Но Черная Тетя настаивала:
— Я уверена, что они именно этим сейчас занимаются. Пользуются тем, что ящик закрыт, и трогают. Если бы меня положили вот так, в закрытый ящик, я бы уже давно потрогала, — добавила она.
— Ты и не в ящике трогаешь, — сказала Мать, но Бабушка, в душе которой зашевелились подозрения и страхи, была уже не в силах сдержаться. Даже догадываясь, что дочь посмеивается над ней, она тем не менее приказала:
— Рафинька, открой, золотко, ящик и посмотри, что там с яблоками.
— Зачем? — спросил я. — Мы их уложили, как ты велела, с промежутками.

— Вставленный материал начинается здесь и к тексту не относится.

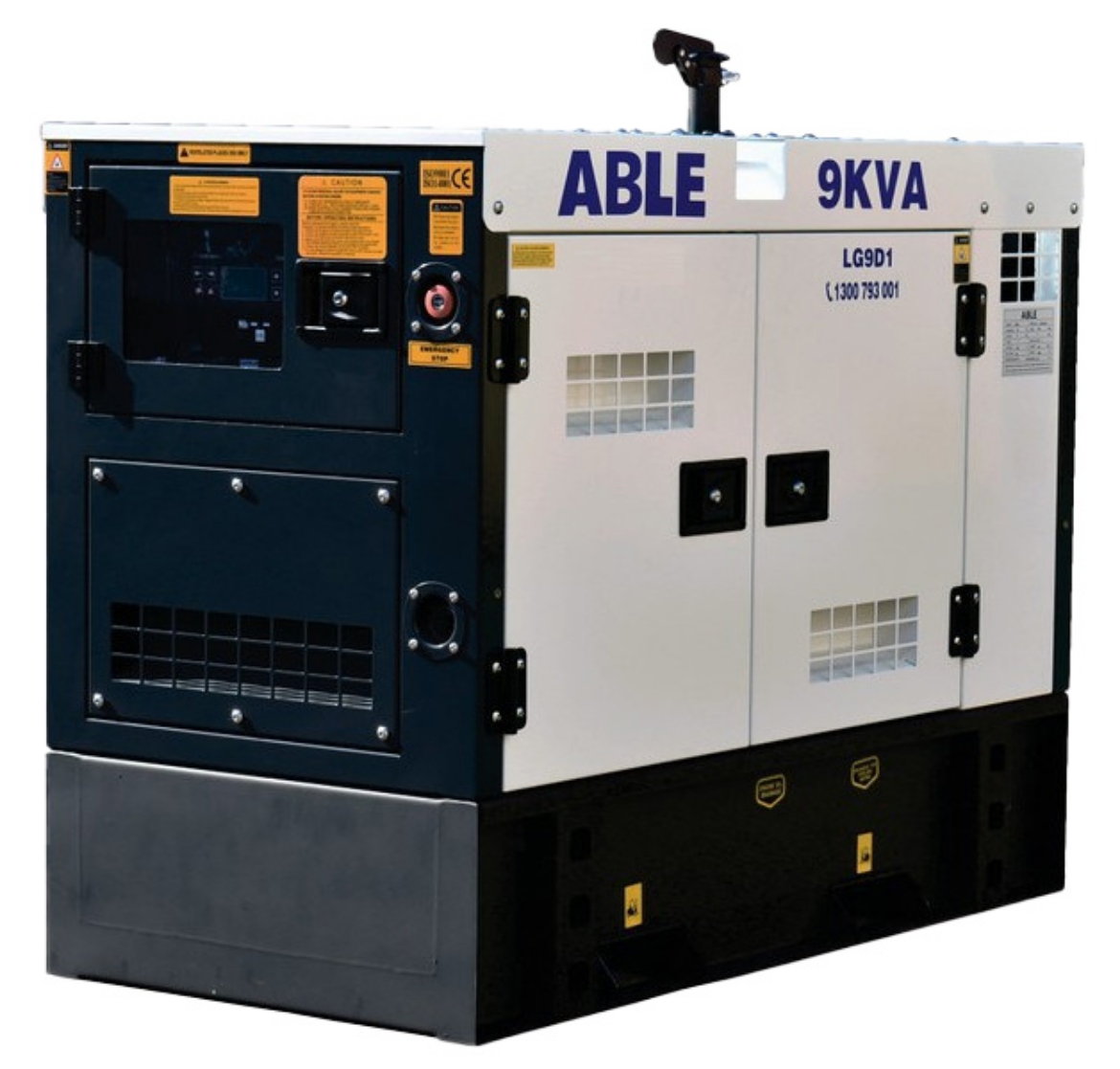Picture of 10KVA 240V 37AMPS ABLE SINGLE PHASE GENERATOR - YANGDONG 3CYL DIESEL ENGINE - 1500RPM - AVR CONTROLLED DINGOL ALTERNATOR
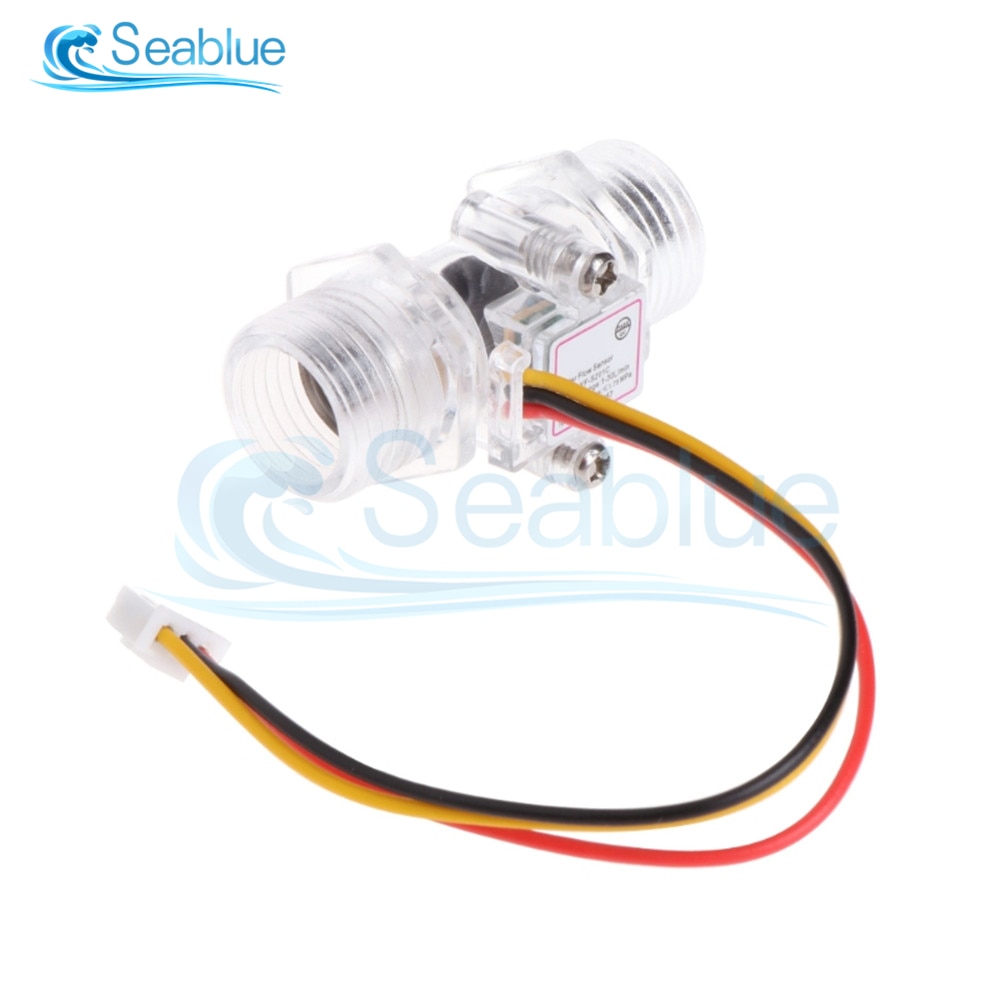 DC 5V 12V G1/2inch Transparent Water Flow Sensor Water Flow Meter Measurement Hall Flow Sensor Indicator Counter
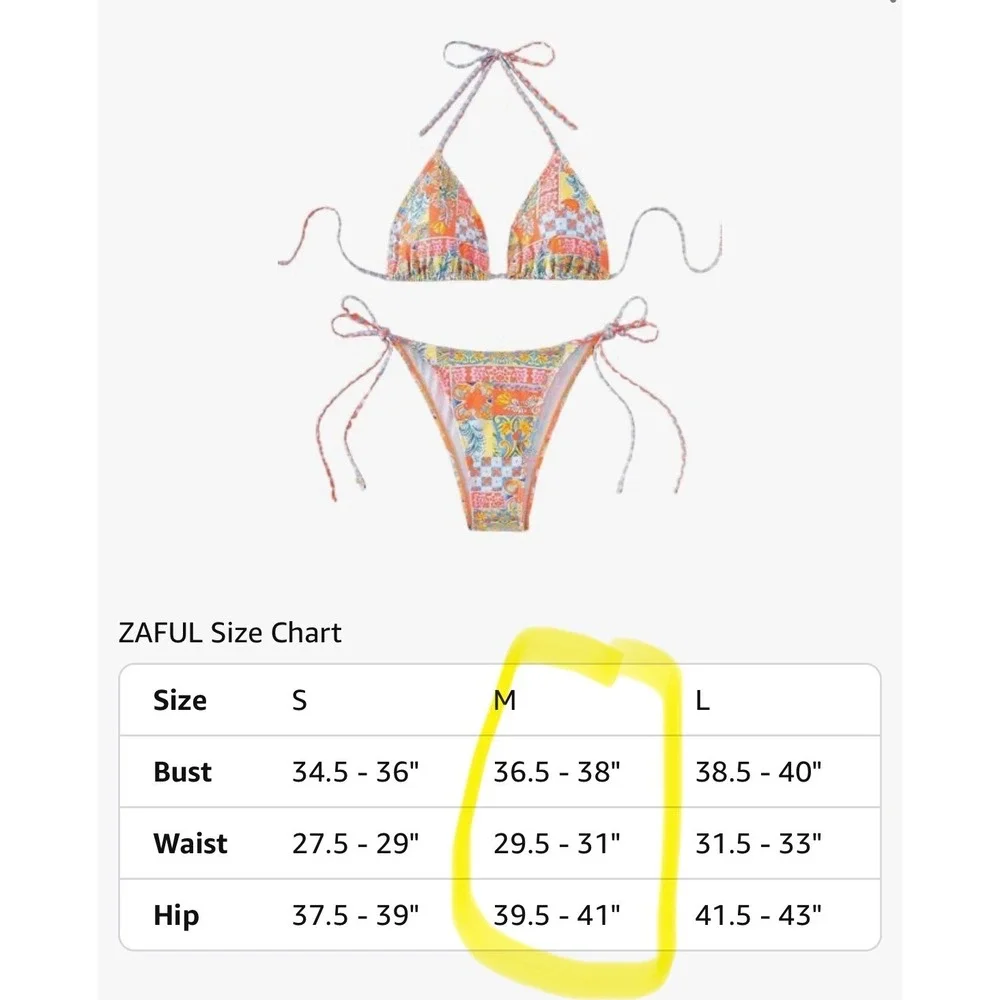 Zaful Tribal Orange Patchwork Triangle Halter Side Tie Bikini Set Medium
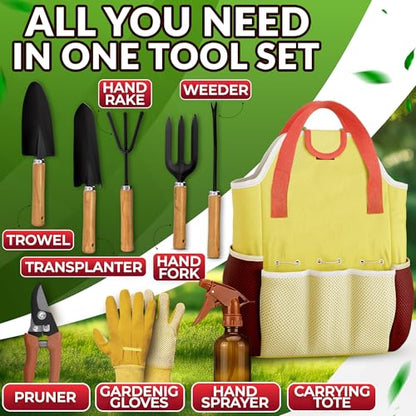 10 Pcs Gardening Tool Set for Women, Rust-Resistant Steel, Tote Bag | Garden Tools Set for Plant Care, Digging, Planting & Potting; Ergonomic Handles, Gloves & Spray Bottle; Gift for Plant Lovers - color: Yellow Set of 10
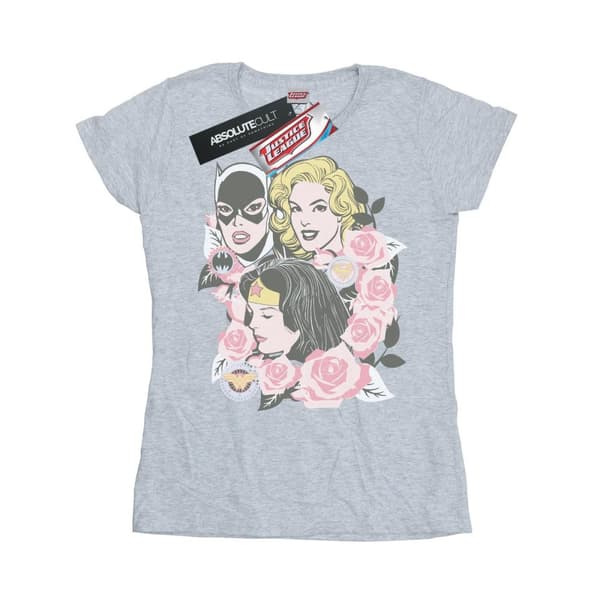 DC Comics Womens/Ladies Super Powers Floral Frame Cotton T-Shirt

Но Черная Тетя уже встала, погасила свет, сказала: «Шшш...» — отправилась в «комнату-со-светом» и вернулась с Маминым фонариком.
— Тише, вы! — шепнула она, велела мне снять туфли и сама сняла свои. Она взяла меня за руку, держа в другой руке фонарик, и медленно произнесла: — Ты, Рафаэль, тихонечко подойдешь и разом выдвинешь ящик, а я тут же посвечу на них фонариком всем им на удивленье.
Бабушка смутилась. Рыжая Тетя улыбалась извиняющейся улыбкой, чтобы воображаемый культурный, воспитанный мужчина, кандидат в мужья, который, быть может, случайно смотрит сейчас со стороны на этот спектакль, упаси Боже, не подумал, что она имеет отношение к этой странной семейке. А Мама уже прикрывала ладонью рвущийся наружу смех.